The Safety Industry is Evolving
In any industry, we learn how to improve over time. The business of safety is not an exception. It is hard to imagine OSHA was established only 45 years ago. Since then, the safety industry has improved through education, not only in the classroom, but also on the job. In 1970, there were 38 worker deaths a day compared to 13 today. While that is a 290% drop in workplace fatalities, EH&S professionals are still working to improve that number.
Industry leaders are introducing new ideas and tools to help safety managers mitigate risks and identify hazards and behaviors that lead to incidents. The evolution of behavioral safety is an excellent example of how the industry is continuing to educate our workers on how to identify and change unsafe behavior. “People want to be safe. If someone doesn’t follow safety procedure, then there is either a failure in the way the safety procedure is written or with the education of the worker,” explains a pharmaceutical plant EH&S director. “People don’t choose to be unsafe.”

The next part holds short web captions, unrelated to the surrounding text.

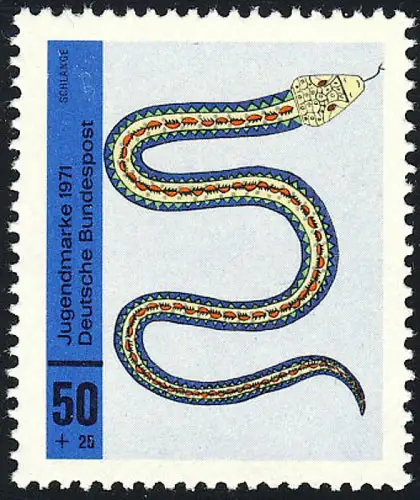 663 Jugend Kinderzeichnungen 50+25 Pf Schlange, postfrisch **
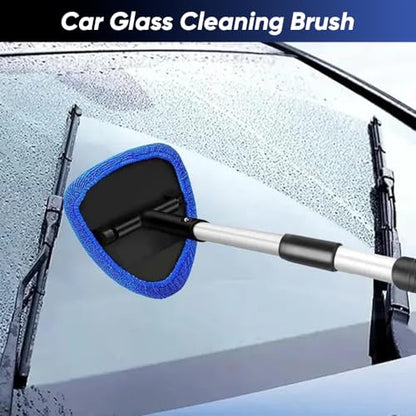 SakerPlus Telescopic Microfiber Glass Car Defroster Brush, 180° Rotating Head and Retractable Handle Multi-Surface Cleaner for Windows, Mirrors, Tiles (Red) - color: Red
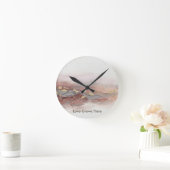 Ronde Texte personnalisé Horloge 3D Rose Gold Abstrait M (Maison)
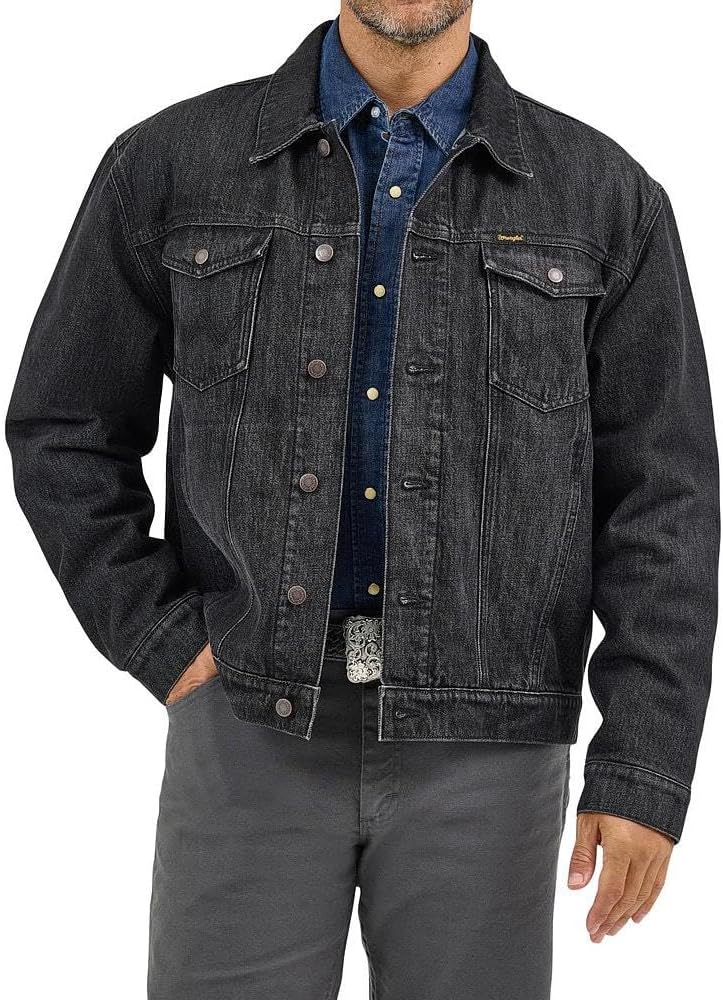 Wrangler Men's Washed Black Blanket Lined Denim Jacket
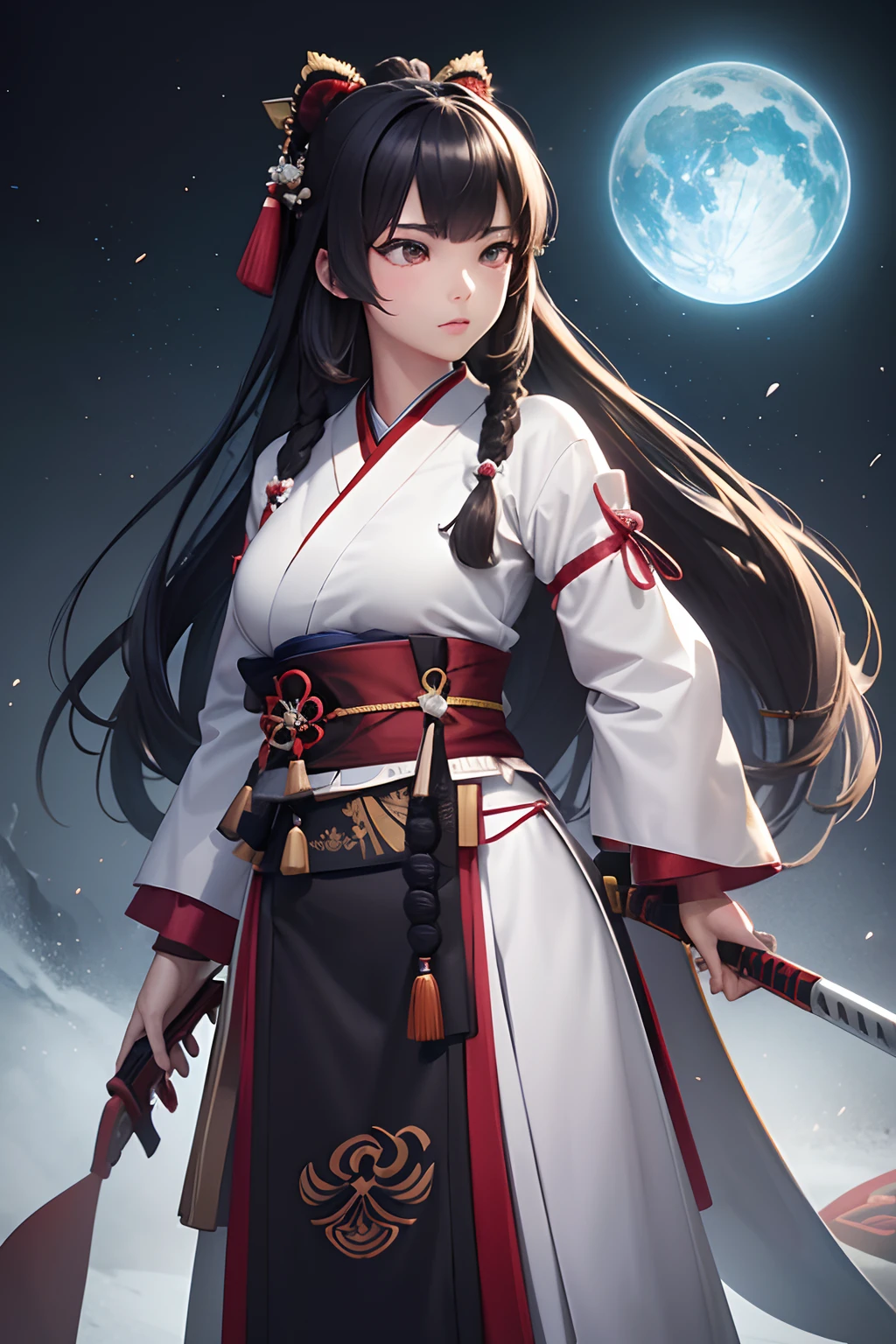 Beautiful female samurai of the Warring States period、Woman with semi-long hair、Samurai's Idetouch、Samurai Pose、Big sword、、gazing at viewer、The appearance of the samurai、Computer Graphics Art、。.。.。.。.。.。.。.。.。.。.。.。.。.。.。.。.3D、hight resolution、top-quality、The upper part of the body、8K Character Concept、32K、pixiv、illustratio、 ultra-detailliert、hyperdetailed face、Megapixel、 Ultra High Definition HDR、Clair、Overdecoration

Technology is Finding Its Place in Safety
From contractors working on the new Amazon headquarters in Seattle, to a lumber company in Northern California, safety professionals are identifying technology that can assist, if not outright perform, a number of functions for them. From analyzing incident and near miss trends, to saving worker hours spent on simple data entry. “I spend 40% of my time entering data,” one EH&S manager shared. “My time would be better spent on the shop floor identifying hazards and educating workers.”

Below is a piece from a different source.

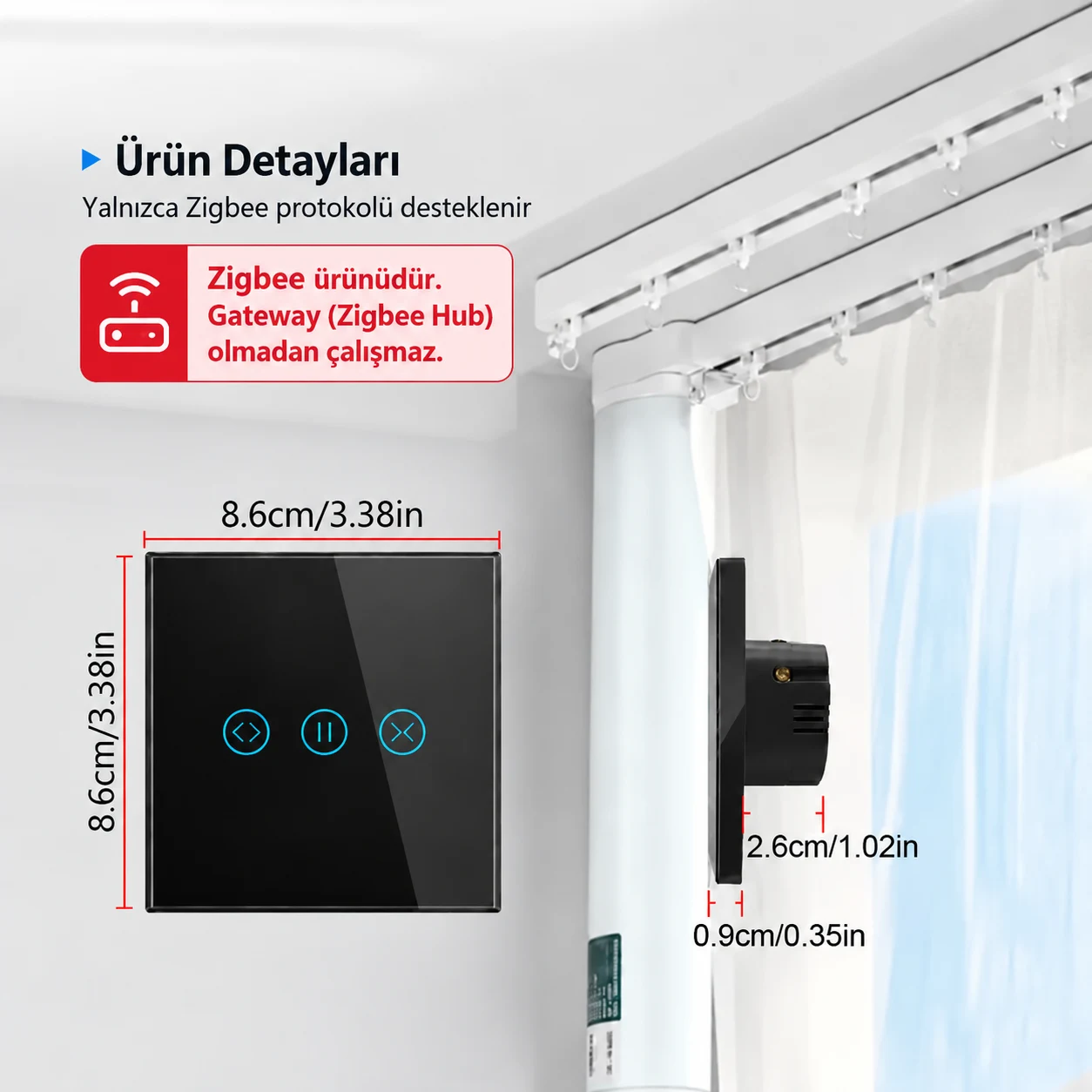 KRSC-Z102 Tuya Zigbee Perde Panjur Anahtarı akıllı zamanlama özelliği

The safety industry has been much slower to adapt new technology than almost any other. Every professional interviewed had their own theory on the why, but everyone agreed that there is a cultural shift happening. Companies are finally beginning to see the benefits of incorporating and applying innovative technology to their safety programs. “Inconsistency, things get lost in the shuffle, things aren’t filled out all the way…in addition to having an incident, people don’t want to have to come back and fill out a bunch of paperwork,” an EH&S professional shared. Using technology to report incidents, storing regulatory records, providing employee training on their personal device and maintaining certification logs is only the start to where innovation can take the safety industry.
The Takeaway
Like most Americans, EH&S professionals have more similarities than differences. Not everyone started on the line or in the classroom, but regardless of where the journey began, they have arrived at the same place. The industry is adapting to changes in our culture, changes in regulatory requirements, breakthroughs in technology and studies in the psychology of safety. Because safety professionals are dedicated to improving the workplace for every worker, they are open to ideas and change that drive real improvements in the way we approach safety.

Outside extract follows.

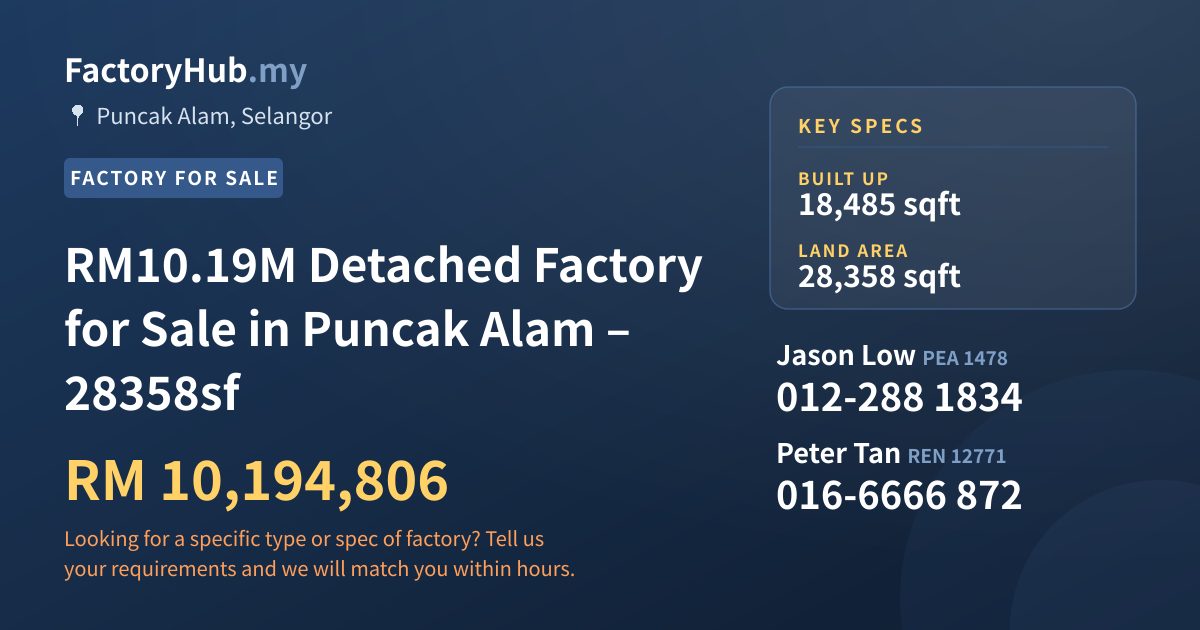 Factory For Sale - RM10.19M Detached Factory for Sale in Puncak Alam – 28358sf - Puncak Alam, Selangor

At Sospes, we continue to learn what industry professionals need today while anticipating the technology they will need in the future. We are adapting to regulatory changes and requirements to ensure our customers stay compliant. And we understand the need for communication and engaging a workforce in a company’s safety culture. I learned many things from my summer travels, but most of all I re-affirmed our commitment to providing the most innovative software solutions for managing worker safety and well-being.